Viele haben lange darauf gewartet: Der Tag, an dem es mit dem Bau der Hängebrücke los geht. Nun rückt er näher – und mit ihm der Tag, an dem die stattliche Eiche am geplanten Brückeneinstieg gefällt werden muss. Die deutliche Mehrheit der Stadträte beißt in diesen sauren Apfel.

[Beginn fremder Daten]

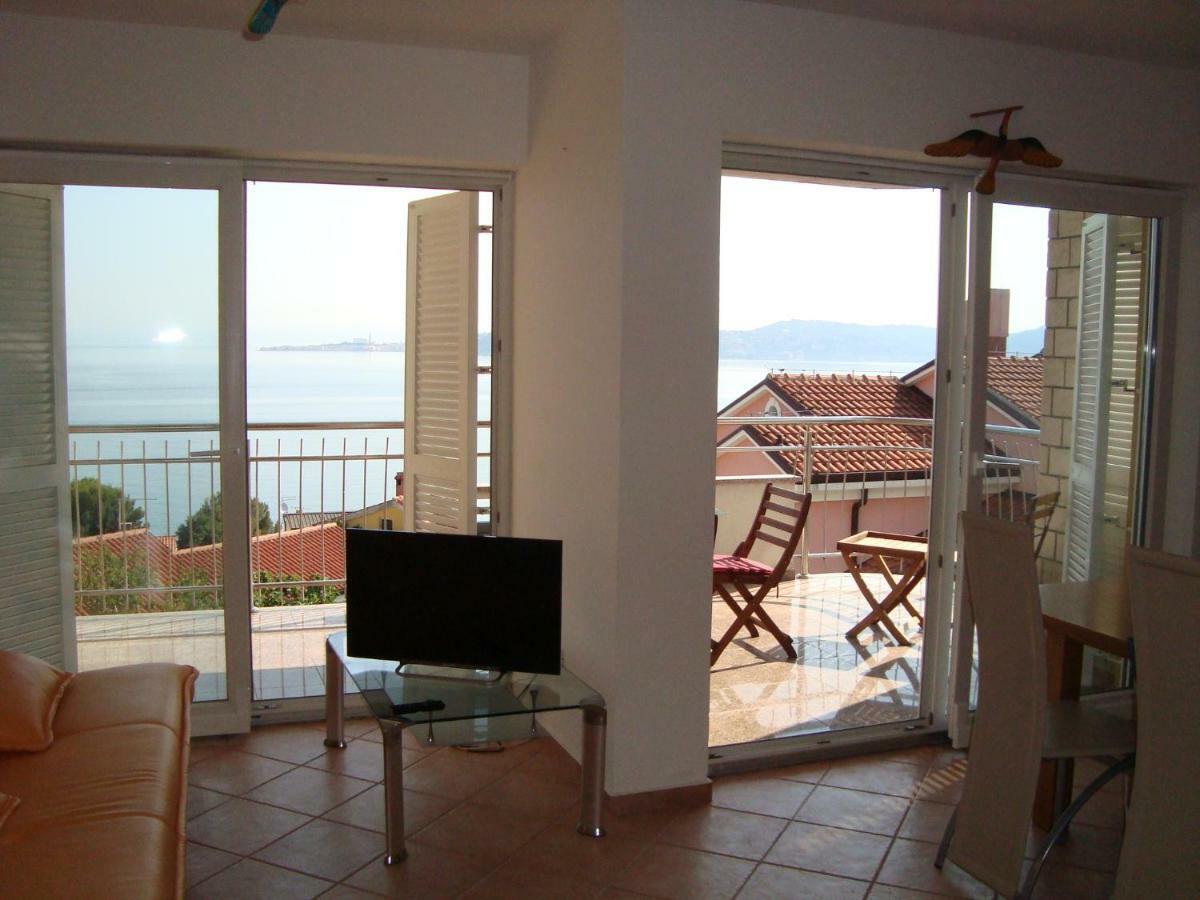 Apartment Golf Црвени-Врх Экстерьер фото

Rottweil - Die neue Wegeführung, die Platzgestaltung, die Besucherlenkung, die Materialwahl – der Entwurf von Micha Sonnenfroh aus der Stadtplanung war im Umwelt-, Bau- und Verkehrsausschuss (UBV) ausgiebig vorberaten. Da hatten die Stadträte in der Sitzung am Mittwochabend keinen weiteren Diskussionsbedarf. "Das ist ein guter Rahmenplan", meinte mit Reiner Hils (SPD+FFR) einer, der nicht gerade zu den Hängebrücken-Befürwortern gehört. Die Kröte daran sei die Eiche, griff er den Ansatz von Hermann Breucha (FWV) auf, der zuvor die Nachfragen nach den Rettungsmöglichkeiten eröffnet hatte.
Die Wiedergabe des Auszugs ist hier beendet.